De bestaande woningvoorraad kan beter aansluiten bij de woningbehoefte door woningen beter toegankelijk te maken, energieprestaties te verbeteren en deel van de eengezinswoningen te verkopen.

Ten slotte zet de Woonvisie in op het stimuleren van ouderen om door te stromen en op het vermarkten van De Ronde Venen als aantrekkelijke woongemeente.

2.3 Werken

De gemeente De Ronde Venen gaat zich de komende periode met name richten op herstructurering van bestaand bedrijventerrein. Voor het Bedrijventerrein Mijdrecht is door het college besloten om een herstructureringsplan op te stellen. Het college wil intensiever gebruik maken van de ruimte op het bestaande bedrijventerrein en de ruimtelijke kwaliteit van dit terrein verder verbeteren. Dit is als een van de doelstellingen verwoord in het Plan van Aanpak en de intentieovereenkomst Herstructurering Bedrijventerrein Mijdrecht, die door de gemeente, de VIB en de OMU op 20 september 2012 is ondertekend. Pas als de mogelijkheden van herstructurering van bestaand bedrijventerrein zijn onderzocht en waar mogelijk benut – en er ook na realisatie van de gebiedsontwikkeling Stationslocatie Mijdrecht nog steeds behoefte aan bedrijventerrein is -, zal de gemeente onderzoek doen naar de mogelijke aanleg van nieuwe bedrijventerreinen binnen de gemeentegrenzen. Met de provincies zijn afspraken gemaakt over de aandachtverschuiving van aanleg van nieuwe naar herontwikkeling van bestaande bedrijventerreinen.

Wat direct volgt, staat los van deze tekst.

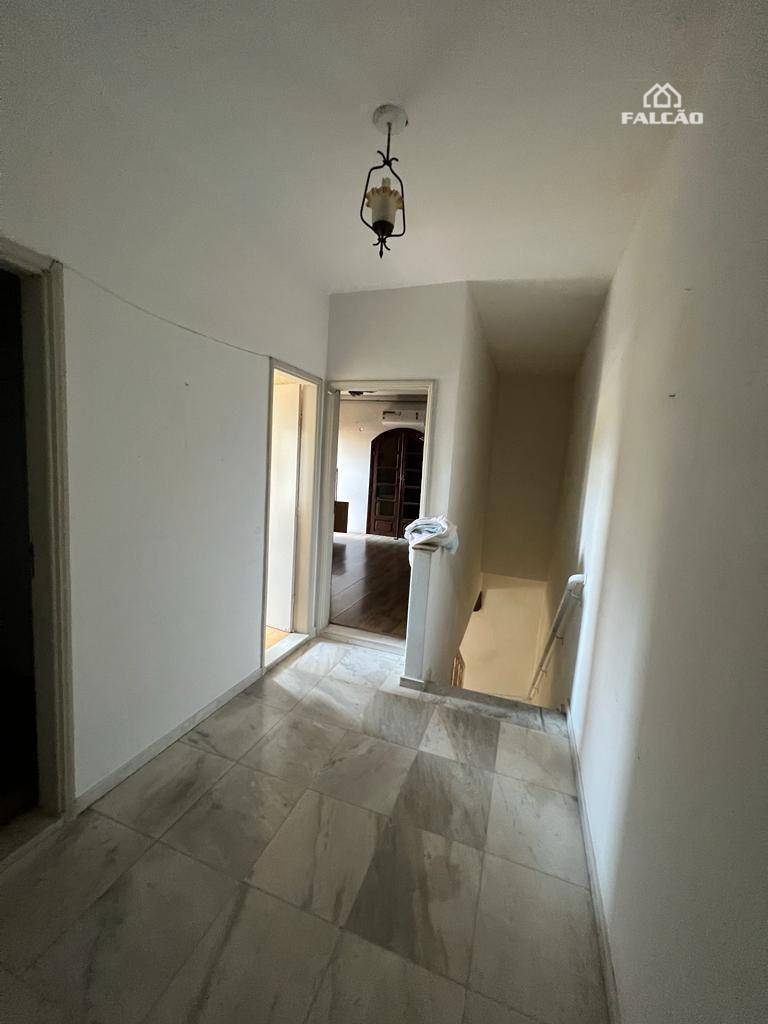 Sobrado à venda com 3 quartos, 128m² - Foto 3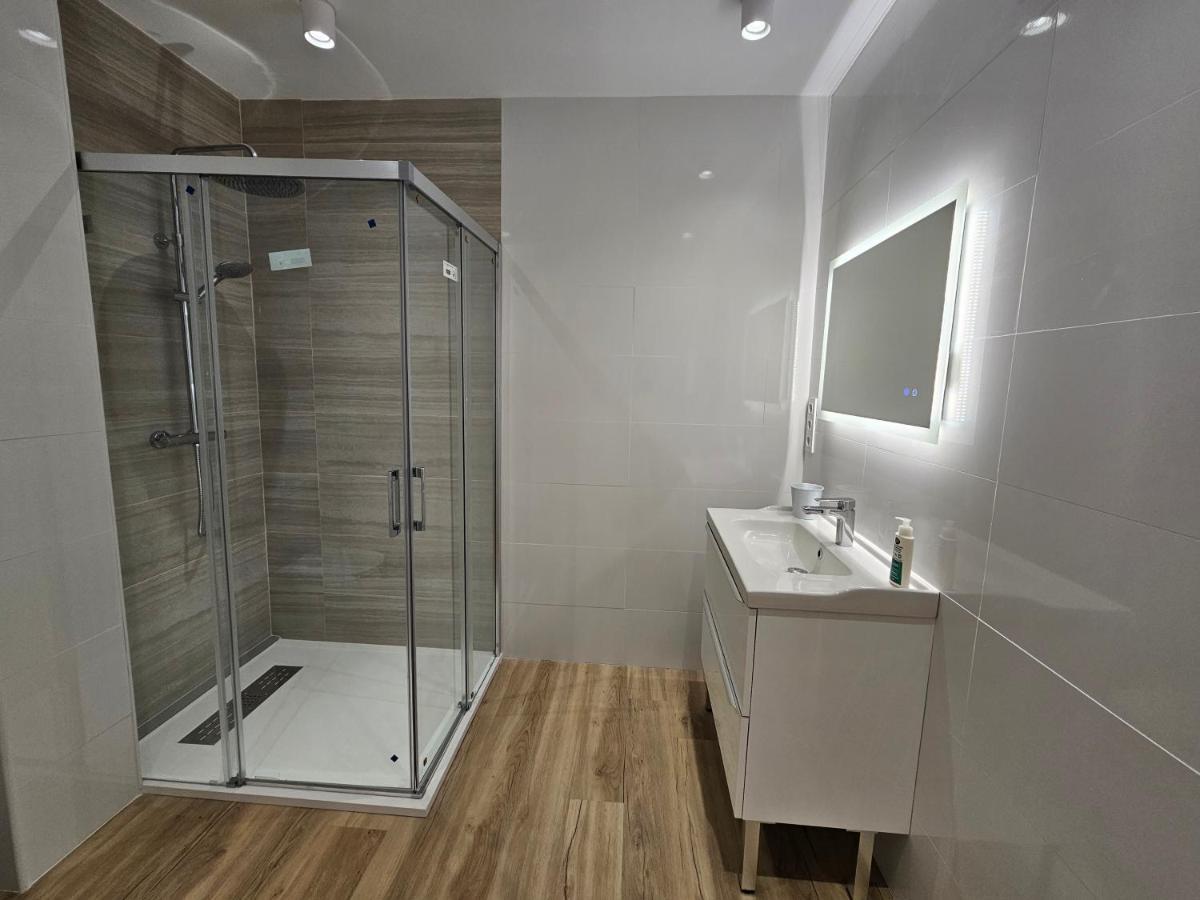 Apartamentos En El Centro - Plaza De Amboage - Wifi Ferrol Bagian luar foto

De toekomstige vraag naar bedrijfspanden wordt verwacht in de meer dienstverlenende sectoren die in onze gemeente ondervertegenwoordigd zijn. De gemeente wil naast behoud van de traditionele sectoren meer inzetten op het toekomstgericht maken van onze bedrijventerreinen en vernieuwing door andere sectoren de ruimte te bieden.

2.4 Recreatie en toerisme

De Ronde Venen kent een veelzijdig weidelandschap met bijzondere kernwaarden op het gebied van natuur en cultuurhistorie, zoals rust en ruimte en de Stelling van Amsterdam. De gemeente heeft potentie om zich beter te ontwikkelen als recreatiegemeente. De gemeente zet zich daarom in voor het versterken van de toeristisch-recreatieve sector. In programma 5 Cultuur, Recreatie en Sport van het gemeentelijk beleidsprogramma Kernachtig verbinden is recreatie en toerisme als speerpunt benoemd, naast lokale economie, duurzaamheid en kernenbeleid. Het beleidsprogramma legt nadruk op waterrecreatie, met name het verbeteren van de toegankelijkheid van de plassen en de investering in marketing en promotie, ook richting grote steden. In het versterken van recreatie en toerisme wordt nadrukkelijk een belangrijke verantwoordelijkheid gezien bij de betrokken ondernemers. Een betere samenwerking met publieke en private partijen in de regio en het smeden van nieuwe coalities wordt nagestreefd. Een strategische recreatievisie (een uitwerking van de gemeentelijke Structuurvisie) wordt opgesteld. Jaarlijks wordt een uitvoeringsprogramma vastgesteld met acties die in het betreffende jaar worden uitgevoerd.

2.5 Mobiliteit

Het verkeers- en vervoerbeleid van De Ronde Venen wordt geactualiseerd. Na de gemeentelijke herindeling is de behoefte en noodzaak ontstaan om een nieuw gemeentebreed en kerngericht beleid te formuleren. Dit nieuwe beleid zal worden verankerd in De Verkeersvisie en een gemeentelijk verkeers- en vervoerplan (GVVP).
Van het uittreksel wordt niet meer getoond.